- YOUR ASSIGNMENT: From the listing below, please restate exactly the lines beginning at the one with "Chalet en venta en Corbera de Llobregat" and ending at the one with "Casa há 5 minutos", both included, and skip the pictures.

- DATASET RECORDS:
☆ ☆ ☆ ☆ ☆ ☆ ☆

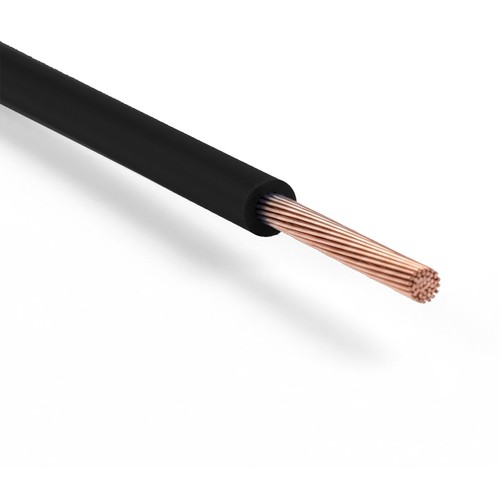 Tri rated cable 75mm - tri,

☆ ☆ ☆ ☆ ☆ ☆ ☆

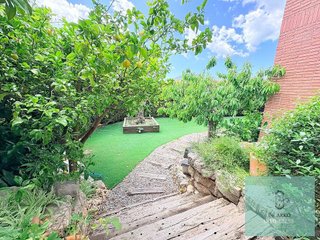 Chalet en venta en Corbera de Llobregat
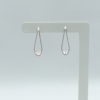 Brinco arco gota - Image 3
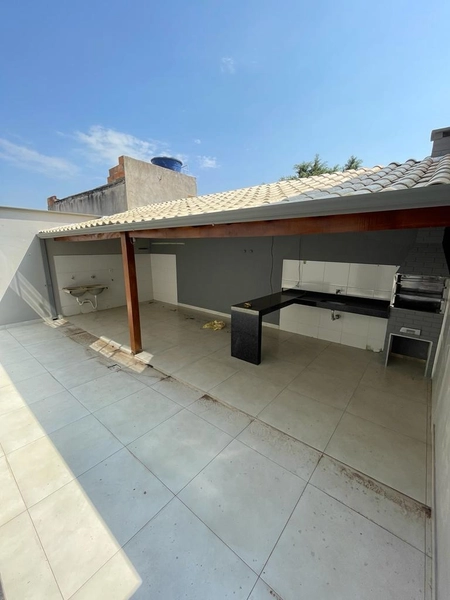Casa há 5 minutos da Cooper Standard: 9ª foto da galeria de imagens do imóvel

☆ ☆ ☆ ☆ ☆ ☆ ☆

- EXERCISE SOLUTION:
 Chalet en venta en Corbera de Llobregat
 Brinco arco gota - Image 3
Casa há 5 minutos da Cooper Standard: 9ª foto da galeria de imagens do imóvel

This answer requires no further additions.